◆ **Task**
Below are the entries to work from; restate word for word the portion that opens with the line containing "White lululemon shorts in ideal condition!" and closes with the line containing "emilybrowm's Live Sex Cam Show", keeping both.

◆ **Data excerpts**
>>>>
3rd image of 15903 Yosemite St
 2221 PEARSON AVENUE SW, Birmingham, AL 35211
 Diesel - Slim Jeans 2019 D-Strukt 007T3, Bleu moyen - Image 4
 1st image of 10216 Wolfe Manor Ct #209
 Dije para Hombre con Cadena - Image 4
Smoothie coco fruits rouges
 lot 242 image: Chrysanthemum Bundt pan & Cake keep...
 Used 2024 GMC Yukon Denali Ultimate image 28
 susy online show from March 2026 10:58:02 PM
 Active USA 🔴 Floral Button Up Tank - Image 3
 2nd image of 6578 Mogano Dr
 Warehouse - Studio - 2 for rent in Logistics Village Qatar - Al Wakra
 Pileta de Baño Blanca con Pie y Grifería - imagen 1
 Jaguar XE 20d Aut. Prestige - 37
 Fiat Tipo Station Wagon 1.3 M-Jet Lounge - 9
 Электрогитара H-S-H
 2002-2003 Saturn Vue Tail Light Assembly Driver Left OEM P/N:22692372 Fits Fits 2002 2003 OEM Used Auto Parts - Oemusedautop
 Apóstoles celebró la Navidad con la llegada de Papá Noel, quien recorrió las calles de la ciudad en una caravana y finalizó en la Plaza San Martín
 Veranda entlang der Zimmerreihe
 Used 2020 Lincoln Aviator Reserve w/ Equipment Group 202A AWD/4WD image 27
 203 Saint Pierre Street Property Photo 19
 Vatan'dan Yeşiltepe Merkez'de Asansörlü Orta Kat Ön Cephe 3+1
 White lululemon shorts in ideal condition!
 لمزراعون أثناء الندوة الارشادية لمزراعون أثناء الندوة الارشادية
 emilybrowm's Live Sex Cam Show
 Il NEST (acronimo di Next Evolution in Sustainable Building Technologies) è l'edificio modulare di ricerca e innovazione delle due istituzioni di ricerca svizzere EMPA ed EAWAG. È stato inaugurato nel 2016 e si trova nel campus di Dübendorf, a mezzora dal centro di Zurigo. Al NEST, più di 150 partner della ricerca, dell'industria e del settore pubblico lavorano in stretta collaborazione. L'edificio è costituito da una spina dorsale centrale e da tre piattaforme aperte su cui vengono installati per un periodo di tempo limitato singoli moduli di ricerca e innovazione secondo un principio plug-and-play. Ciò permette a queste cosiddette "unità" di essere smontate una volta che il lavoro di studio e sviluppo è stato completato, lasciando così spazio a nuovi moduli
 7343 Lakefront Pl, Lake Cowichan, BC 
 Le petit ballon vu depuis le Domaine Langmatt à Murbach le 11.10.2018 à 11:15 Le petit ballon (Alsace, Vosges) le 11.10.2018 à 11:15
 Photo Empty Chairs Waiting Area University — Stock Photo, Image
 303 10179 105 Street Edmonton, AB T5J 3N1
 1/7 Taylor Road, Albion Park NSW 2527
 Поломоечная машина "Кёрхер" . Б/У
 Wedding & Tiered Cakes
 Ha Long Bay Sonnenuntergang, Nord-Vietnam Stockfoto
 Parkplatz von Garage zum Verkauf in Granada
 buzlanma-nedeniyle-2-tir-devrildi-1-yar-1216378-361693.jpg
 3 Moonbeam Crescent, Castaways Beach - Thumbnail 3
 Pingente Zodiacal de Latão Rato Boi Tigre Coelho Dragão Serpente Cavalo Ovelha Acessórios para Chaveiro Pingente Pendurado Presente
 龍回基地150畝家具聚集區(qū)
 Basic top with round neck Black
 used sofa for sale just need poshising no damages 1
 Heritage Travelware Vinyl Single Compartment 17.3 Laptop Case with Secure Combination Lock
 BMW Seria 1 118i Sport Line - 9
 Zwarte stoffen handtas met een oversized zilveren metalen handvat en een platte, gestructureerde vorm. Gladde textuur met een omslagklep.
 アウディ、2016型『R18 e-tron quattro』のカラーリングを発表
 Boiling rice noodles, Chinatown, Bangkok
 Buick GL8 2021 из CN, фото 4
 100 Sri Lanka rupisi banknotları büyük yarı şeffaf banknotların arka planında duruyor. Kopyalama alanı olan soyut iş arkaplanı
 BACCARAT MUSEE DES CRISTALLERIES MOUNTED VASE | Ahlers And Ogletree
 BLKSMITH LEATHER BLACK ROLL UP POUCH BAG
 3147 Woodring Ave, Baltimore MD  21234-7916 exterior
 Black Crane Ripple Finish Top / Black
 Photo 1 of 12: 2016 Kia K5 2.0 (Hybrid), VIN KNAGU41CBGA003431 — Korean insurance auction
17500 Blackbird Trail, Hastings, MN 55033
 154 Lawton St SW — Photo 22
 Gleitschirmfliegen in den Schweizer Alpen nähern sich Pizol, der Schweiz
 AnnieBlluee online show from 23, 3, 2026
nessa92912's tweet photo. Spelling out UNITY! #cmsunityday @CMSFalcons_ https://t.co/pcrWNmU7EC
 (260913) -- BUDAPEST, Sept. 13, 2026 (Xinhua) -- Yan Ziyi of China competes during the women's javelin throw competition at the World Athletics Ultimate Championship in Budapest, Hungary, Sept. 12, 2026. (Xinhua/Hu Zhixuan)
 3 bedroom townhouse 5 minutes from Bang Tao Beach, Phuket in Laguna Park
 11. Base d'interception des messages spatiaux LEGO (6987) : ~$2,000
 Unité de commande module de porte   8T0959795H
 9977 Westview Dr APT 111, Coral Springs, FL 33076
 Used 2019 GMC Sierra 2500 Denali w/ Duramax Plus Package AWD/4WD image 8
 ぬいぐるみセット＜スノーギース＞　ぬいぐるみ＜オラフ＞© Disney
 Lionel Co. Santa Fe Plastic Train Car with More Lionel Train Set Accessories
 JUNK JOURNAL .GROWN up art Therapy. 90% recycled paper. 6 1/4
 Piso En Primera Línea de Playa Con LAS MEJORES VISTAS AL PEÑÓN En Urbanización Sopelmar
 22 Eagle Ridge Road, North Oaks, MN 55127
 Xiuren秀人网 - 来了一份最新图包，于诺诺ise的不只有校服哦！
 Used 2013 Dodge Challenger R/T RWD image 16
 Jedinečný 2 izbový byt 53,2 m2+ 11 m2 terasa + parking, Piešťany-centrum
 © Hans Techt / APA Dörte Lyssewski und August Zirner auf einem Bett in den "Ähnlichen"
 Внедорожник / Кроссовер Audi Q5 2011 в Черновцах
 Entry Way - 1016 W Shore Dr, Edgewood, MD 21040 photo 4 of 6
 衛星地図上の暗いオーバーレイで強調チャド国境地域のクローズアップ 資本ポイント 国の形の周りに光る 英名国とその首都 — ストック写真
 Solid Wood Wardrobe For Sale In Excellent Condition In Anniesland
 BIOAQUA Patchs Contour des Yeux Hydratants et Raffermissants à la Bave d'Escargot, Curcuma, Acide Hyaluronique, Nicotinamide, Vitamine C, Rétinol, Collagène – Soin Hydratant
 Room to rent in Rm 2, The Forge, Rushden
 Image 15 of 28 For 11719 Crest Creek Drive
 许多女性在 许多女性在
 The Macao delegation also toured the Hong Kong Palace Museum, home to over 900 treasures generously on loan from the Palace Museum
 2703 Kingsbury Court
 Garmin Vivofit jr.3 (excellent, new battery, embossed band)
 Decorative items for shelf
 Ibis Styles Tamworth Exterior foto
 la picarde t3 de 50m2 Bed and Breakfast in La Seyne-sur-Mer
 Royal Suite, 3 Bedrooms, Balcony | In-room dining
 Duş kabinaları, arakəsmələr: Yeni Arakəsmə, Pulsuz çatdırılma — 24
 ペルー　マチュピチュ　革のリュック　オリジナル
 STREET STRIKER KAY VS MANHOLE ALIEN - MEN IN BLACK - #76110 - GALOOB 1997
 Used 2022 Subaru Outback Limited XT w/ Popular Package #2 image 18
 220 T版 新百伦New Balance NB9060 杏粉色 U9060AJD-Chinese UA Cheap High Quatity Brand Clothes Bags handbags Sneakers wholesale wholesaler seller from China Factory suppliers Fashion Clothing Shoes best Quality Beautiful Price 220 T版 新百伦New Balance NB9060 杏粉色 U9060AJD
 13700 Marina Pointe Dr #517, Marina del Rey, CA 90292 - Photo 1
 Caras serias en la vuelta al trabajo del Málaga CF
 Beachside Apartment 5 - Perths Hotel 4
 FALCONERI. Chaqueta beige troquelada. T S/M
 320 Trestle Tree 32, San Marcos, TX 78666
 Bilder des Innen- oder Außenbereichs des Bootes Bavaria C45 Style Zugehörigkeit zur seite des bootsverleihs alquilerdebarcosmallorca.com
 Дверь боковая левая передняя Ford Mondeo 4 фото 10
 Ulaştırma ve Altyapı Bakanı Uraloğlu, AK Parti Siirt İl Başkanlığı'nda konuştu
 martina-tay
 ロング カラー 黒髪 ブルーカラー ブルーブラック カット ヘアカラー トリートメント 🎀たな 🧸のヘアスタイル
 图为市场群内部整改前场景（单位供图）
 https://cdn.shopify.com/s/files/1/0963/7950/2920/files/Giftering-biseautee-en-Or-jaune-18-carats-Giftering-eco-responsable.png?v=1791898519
<<<<
◆ **Result of this exercise**
 White lululemon shorts in ideal condition!
 لمزراعون أثناء الندوة الارشادية لمزراعون أثناء الندوة الارشادية
 emilybrowm's Live Sex Cam Show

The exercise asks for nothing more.